──────── Source material ────────

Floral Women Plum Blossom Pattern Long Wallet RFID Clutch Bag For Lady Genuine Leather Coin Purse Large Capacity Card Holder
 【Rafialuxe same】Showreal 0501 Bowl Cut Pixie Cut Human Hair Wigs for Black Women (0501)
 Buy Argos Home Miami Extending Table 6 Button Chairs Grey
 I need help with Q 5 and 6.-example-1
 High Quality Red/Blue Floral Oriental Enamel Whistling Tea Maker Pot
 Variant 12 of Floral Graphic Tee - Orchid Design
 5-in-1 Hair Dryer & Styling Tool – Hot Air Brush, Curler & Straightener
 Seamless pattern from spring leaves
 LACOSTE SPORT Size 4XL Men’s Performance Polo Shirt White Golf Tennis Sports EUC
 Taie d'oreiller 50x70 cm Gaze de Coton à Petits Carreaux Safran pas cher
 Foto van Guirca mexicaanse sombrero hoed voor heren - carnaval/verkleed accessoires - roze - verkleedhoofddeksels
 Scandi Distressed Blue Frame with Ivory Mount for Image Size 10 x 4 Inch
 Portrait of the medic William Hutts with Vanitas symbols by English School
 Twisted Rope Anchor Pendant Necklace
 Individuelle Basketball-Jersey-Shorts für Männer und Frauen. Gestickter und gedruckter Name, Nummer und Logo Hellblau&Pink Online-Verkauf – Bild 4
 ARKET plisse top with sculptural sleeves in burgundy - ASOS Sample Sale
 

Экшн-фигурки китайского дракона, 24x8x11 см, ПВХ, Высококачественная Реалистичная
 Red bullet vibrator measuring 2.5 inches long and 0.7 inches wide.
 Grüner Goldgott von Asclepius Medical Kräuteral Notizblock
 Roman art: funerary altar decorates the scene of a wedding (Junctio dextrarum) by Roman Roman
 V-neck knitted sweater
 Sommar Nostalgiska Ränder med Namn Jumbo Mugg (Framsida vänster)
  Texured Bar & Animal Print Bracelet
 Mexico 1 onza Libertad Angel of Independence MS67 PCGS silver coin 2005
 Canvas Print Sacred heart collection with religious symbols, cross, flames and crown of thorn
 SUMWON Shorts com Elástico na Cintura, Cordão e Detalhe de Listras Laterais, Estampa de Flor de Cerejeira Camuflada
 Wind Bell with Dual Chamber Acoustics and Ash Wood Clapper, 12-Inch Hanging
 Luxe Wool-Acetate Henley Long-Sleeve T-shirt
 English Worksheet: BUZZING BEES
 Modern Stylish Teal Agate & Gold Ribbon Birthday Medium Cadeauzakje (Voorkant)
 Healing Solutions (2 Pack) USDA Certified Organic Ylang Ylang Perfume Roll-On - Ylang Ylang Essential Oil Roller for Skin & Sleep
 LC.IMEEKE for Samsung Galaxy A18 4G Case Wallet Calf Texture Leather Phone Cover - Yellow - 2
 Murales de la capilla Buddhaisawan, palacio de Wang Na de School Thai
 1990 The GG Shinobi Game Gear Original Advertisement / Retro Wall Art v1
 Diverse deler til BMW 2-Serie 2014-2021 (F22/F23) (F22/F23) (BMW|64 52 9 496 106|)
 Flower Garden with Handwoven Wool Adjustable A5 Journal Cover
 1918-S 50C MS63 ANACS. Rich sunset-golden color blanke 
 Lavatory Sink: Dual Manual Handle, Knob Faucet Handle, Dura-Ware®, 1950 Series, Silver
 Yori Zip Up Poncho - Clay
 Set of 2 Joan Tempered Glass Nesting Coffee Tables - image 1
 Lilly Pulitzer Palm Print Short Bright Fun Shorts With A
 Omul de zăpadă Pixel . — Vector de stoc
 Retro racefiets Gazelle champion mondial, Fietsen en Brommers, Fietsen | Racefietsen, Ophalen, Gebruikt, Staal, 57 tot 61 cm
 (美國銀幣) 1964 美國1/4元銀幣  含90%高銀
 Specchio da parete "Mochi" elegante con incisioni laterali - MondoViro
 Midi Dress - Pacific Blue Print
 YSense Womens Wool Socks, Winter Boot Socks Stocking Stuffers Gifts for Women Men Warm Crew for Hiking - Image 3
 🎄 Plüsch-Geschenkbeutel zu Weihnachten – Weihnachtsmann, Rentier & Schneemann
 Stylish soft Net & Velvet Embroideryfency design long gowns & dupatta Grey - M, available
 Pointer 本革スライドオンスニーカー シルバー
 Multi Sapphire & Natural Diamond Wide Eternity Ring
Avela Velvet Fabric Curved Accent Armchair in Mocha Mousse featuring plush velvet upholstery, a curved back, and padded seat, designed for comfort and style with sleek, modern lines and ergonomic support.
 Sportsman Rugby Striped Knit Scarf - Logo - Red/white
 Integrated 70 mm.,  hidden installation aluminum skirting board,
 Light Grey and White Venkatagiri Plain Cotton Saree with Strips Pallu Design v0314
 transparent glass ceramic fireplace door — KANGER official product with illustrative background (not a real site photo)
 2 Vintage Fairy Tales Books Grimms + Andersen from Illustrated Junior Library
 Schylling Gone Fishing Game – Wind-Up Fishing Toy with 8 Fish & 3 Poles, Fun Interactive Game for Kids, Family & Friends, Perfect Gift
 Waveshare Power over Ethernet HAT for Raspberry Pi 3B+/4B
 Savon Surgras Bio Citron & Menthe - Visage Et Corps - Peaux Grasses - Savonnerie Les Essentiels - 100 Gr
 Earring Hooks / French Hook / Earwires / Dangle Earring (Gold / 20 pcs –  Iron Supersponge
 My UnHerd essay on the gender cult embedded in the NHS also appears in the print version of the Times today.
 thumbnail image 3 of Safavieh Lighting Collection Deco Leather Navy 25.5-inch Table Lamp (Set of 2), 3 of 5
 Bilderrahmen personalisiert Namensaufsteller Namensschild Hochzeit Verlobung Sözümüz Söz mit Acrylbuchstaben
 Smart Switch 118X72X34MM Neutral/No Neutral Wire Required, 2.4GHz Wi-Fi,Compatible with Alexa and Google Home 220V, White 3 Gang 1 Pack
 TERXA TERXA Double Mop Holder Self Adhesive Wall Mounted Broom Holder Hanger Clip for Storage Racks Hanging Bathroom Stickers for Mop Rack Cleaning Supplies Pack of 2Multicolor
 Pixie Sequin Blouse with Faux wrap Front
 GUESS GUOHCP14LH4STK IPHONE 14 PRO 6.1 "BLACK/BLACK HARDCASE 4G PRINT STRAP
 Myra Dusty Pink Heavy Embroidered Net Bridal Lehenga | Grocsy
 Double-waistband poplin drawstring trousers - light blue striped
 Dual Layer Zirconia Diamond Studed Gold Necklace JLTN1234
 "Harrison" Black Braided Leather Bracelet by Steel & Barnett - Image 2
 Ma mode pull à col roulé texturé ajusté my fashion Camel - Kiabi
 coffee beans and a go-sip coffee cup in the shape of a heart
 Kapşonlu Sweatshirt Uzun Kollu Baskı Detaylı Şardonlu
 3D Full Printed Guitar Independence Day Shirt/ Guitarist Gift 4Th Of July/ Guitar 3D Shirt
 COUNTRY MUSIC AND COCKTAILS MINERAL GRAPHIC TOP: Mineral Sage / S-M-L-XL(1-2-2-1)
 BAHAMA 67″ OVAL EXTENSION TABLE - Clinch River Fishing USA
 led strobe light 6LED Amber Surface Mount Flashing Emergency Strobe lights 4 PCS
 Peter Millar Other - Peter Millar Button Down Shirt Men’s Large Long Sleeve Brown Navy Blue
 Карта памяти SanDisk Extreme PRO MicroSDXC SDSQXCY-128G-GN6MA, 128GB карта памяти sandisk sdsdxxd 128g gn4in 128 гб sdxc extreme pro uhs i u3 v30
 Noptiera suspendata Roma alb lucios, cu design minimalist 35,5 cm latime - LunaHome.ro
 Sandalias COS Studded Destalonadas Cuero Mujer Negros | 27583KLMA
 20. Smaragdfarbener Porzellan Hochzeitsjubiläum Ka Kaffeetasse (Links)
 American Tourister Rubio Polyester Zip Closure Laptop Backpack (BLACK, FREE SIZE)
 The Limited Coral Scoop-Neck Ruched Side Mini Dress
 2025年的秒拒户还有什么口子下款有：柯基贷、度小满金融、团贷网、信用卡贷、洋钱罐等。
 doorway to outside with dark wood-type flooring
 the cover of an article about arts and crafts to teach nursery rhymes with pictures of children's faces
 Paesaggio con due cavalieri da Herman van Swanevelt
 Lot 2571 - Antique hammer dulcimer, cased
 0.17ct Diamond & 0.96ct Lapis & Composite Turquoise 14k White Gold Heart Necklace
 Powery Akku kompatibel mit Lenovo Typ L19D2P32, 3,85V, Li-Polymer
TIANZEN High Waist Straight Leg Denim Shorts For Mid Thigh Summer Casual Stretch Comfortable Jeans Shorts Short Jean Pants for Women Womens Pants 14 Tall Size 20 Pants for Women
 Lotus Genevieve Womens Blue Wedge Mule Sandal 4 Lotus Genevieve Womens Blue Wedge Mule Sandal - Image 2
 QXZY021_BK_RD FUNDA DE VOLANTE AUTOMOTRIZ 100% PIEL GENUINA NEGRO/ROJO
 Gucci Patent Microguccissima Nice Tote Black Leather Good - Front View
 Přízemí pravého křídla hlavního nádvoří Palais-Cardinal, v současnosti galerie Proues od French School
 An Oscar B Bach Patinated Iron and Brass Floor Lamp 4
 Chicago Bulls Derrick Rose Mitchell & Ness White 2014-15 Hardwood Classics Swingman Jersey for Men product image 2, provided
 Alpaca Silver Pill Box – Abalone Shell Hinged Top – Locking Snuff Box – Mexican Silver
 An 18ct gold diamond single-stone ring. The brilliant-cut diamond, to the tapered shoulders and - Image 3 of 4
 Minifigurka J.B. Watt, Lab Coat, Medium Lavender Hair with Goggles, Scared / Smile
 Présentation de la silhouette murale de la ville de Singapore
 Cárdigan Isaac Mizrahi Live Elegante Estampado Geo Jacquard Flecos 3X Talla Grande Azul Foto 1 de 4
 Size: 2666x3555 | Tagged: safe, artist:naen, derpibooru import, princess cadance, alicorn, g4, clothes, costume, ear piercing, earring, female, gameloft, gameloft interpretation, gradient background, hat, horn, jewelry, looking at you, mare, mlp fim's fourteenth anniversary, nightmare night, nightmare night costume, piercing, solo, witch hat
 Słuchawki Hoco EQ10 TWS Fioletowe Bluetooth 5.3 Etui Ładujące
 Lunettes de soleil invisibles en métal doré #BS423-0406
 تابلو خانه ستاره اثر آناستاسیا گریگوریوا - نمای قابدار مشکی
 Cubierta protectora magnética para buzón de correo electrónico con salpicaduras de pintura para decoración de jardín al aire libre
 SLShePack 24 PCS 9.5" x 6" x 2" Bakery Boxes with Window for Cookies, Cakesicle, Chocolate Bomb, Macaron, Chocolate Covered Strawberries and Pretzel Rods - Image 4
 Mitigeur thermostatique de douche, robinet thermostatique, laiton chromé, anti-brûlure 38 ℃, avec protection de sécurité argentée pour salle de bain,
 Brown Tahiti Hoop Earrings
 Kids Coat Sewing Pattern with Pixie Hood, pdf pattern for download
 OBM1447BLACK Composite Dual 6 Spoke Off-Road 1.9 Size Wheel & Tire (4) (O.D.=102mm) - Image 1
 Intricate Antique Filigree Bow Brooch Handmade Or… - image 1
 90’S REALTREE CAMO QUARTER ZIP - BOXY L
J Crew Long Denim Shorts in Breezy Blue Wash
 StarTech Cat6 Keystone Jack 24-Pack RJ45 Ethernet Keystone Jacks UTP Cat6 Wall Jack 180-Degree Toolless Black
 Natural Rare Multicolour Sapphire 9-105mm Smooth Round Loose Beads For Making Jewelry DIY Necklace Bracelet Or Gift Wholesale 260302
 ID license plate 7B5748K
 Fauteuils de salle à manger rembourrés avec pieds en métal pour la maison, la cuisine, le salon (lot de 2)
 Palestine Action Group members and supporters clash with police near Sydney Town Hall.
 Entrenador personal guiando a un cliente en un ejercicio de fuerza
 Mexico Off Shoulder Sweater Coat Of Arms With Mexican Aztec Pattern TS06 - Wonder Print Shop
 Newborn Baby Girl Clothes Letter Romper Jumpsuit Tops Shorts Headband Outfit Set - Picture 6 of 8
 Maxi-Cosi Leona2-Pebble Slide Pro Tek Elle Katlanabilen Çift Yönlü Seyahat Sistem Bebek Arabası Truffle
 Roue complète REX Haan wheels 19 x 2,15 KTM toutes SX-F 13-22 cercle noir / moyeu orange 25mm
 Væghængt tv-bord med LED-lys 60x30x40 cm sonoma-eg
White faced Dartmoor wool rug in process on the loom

────────

■ The task
When you retype the data above, start at its first line, stop after the line containing "LACOSTE SPORT Size", and leave out everything else.

■ Solved exercise
Floral Women Plum Blossom Pattern Long Wallet RFID Clutch Bag For Lady Genuine Leather Coin Purse Large Capacity Card Holder
 【Rafialuxe same】Showreal 0501 Bowl Cut Pixie Cut Human Hair Wigs for Black Women (0501)
 Buy Argos Home Miami Extending Table 6 Button Chairs Grey
 I need help with Q 5 and 6.-example-1
 High Quality Red/Blue Floral Oriental Enamel Whistling Tea Maker Pot
 Variant 12 of Floral Graphic Tee - Orchid Design
 5-in-1 Hair Dryer & Styling Tool – Hot Air Brush, Curler & Straightener
 Seamless pattern from spring leaves
 LACOSTE SPORT Size 4XL Men’s Performance Polo Shirt White Golf Tennis Sports EUC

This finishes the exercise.